> _Record extracts_:
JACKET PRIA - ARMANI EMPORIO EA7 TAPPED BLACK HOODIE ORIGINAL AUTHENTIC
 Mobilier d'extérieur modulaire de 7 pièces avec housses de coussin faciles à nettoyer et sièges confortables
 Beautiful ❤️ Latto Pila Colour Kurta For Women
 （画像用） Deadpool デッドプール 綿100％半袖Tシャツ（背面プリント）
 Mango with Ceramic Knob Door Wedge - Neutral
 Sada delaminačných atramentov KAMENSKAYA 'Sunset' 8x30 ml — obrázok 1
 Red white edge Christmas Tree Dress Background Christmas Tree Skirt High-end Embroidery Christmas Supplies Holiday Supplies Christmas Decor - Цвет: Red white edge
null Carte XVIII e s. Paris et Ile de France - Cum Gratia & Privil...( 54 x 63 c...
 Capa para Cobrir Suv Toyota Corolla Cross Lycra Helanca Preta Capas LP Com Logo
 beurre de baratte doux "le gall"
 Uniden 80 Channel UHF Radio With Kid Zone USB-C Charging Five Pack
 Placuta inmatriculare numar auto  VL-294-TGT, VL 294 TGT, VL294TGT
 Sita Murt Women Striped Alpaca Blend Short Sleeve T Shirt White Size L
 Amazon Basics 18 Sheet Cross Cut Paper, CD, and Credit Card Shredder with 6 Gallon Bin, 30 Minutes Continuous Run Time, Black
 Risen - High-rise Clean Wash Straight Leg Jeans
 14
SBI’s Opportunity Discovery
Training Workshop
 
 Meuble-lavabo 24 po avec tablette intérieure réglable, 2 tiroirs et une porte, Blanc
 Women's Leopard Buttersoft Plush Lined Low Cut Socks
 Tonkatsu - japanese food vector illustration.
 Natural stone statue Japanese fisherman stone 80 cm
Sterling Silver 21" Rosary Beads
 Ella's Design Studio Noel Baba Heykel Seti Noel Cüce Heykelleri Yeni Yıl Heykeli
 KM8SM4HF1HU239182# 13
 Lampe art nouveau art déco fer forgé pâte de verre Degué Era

> _What is expected_: Take exactly the lines from the one containing "Red white edge Christmas" through the one containing "Tonkatsu - japanese" in the data above, and output them with nothing added.

> _The completed task_:
 Red white edge Christmas Tree Dress Background Christmas Tree Skirt High-end Embroidery Christmas Supplies Holiday Supplies Christmas Decor - Цвет: Red white edge
null Carte XVIII e s. Paris et Ile de France - Cum Gratia & Privil...( 54 x 63 c...
 Capa para Cobrir Suv Toyota Corolla Cross Lycra Helanca Preta Capas LP Com Logo
 beurre de baratte doux "le gall"
 Uniden 80 Channel UHF Radio With Kid Zone USB-C Charging Five Pack
 Placuta inmatriculare numar auto  VL-294-TGT, VL 294 TGT, VL294TGT
 Sita Murt Women Striped Alpaca Blend Short Sleeve T Shirt White Size L
 Amazon Basics 18 Sheet Cross Cut Paper, CD, and Credit Card Shredder with 6 Gallon Bin, 30 Minutes Continuous Run Time, Black
 Risen - High-rise Clean Wash Straight Leg Jeans
 14
SBI’s Opportunity Discovery
Training Workshop
 
 Meuble-lavabo 24 po avec tablette intérieure réglable, 2 tiroirs et une porte, Blanc
 Women's Leopard Buttersoft Plush Lined Low Cut Socks
 Tonkatsu - japanese food vector illustration.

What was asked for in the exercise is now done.